UVIS: Unsupervised Video Instance Segmentation
- URL: http://arxiv.org/abs/2406.06908v1
- Date: Tue, 11 Jun 2024 03:05:50 GMT
- Title: UVIS: Unsupervised Video Instance Segmentation
- Authors: Shuaiyi Huang, Saksham Suri, Kamal Gupta, Sai Saketh Rambhatla, Ser-nam Lim, Abhinav Shrivastava,
- Abstract summary: Videocaption instance segmentation requires classifying, segmenting, and tracking every object across video frames.
We propose UVIS, a novel Unsupervised Video Instance (UVIS) framework that can perform video instance segmentation without any video annotations or dense label-based pretraining.
Our framework consists of three essential steps: frame-level pseudo-label generation, transformer-based VIS model training, and query-based tracking.

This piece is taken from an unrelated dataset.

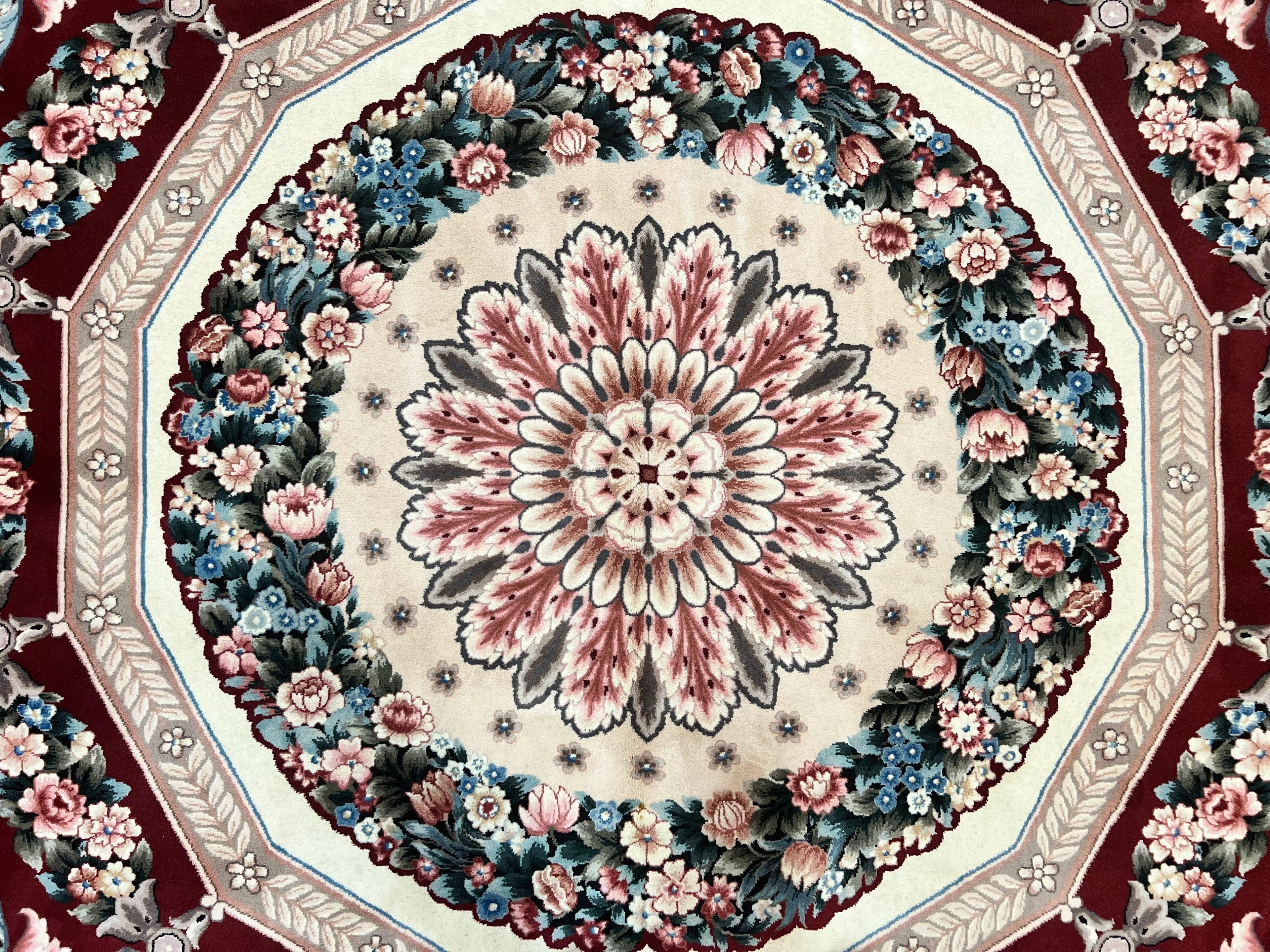 Chinese Aubusson Rug 9x12, Burgundy, Handmade Vintage Wool Carpet, Fine 210 KPSI, Elegant European Design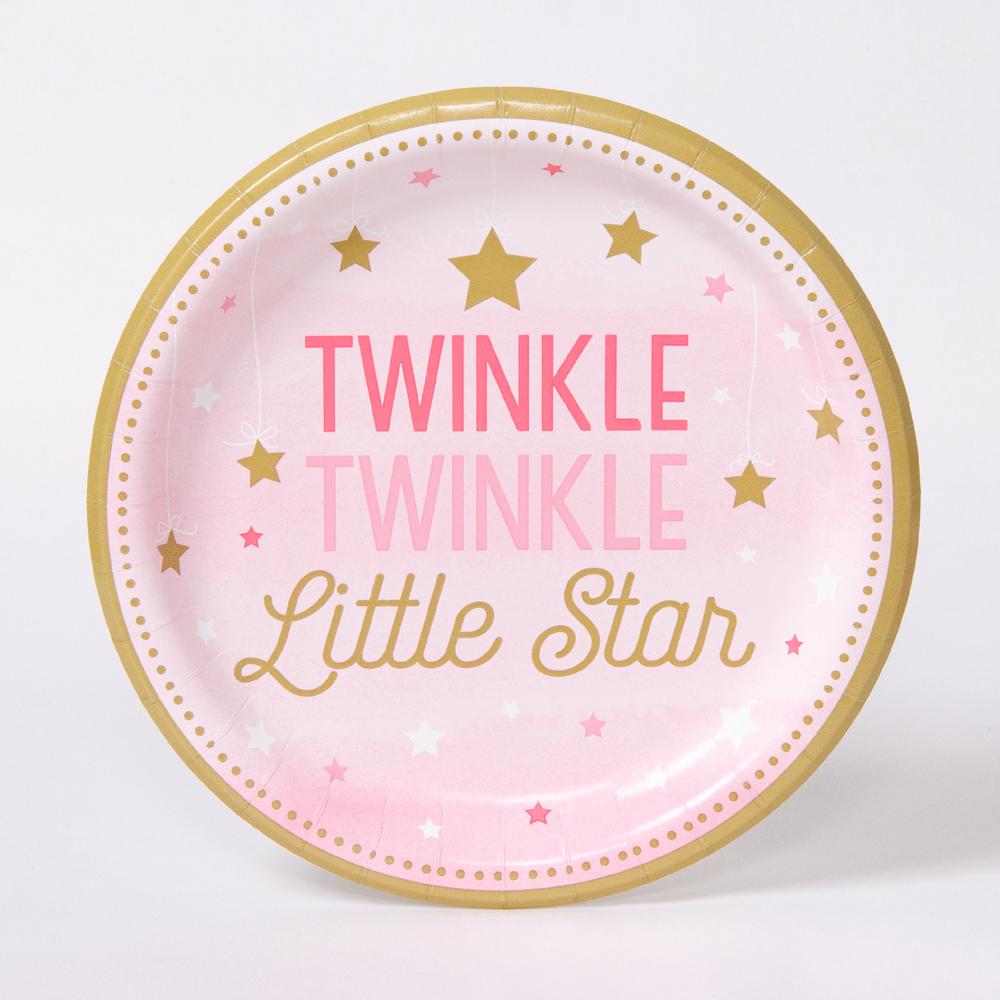 pink star paper plates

- Score: 65.46196594721545
- License: http://arxiv.org/licenses/nonexclusive-distrib/1.0/
- Abstract: Video instance segmentation requires classifying, segmenting, and tracking every object across video frames. Unlike existing approaches that rely on masks, boxes, or category labels, we propose UVIS, a novel Unsupervised Video Instance Segmentation (UVIS) framework that can perform video instance segmentation without any video annotations or dense label-based pretraining. Our key insight comes from leveraging the dense shape prior from the self-supervised vision foundation model DINO and the openset recognition ability from the image-caption supervised vision-language model CLIP. Our UVIS framework consists of three essential steps: frame-level pseudo-label generation, transformer-based VIS model training, and query-based tracking. To improve the quality of VIS predictions in the unsupervised setup, we introduce a dual-memory design. This design includes a semantic memory bank for generating accurate pseudo-labels and a tracking memory bank for maintaining temporal consistency in object tracks. We evaluate our approach on three standard VIS benchmarks, namely YoutubeVIS-2019, YoutubeVIS-2021, and Occluded VIS. Our UVIS achieves 21.1 AP on YoutubeVIS-2019 without any video annotations or dense pretraining, demonstrating the potential of our unsupervised VIS framework.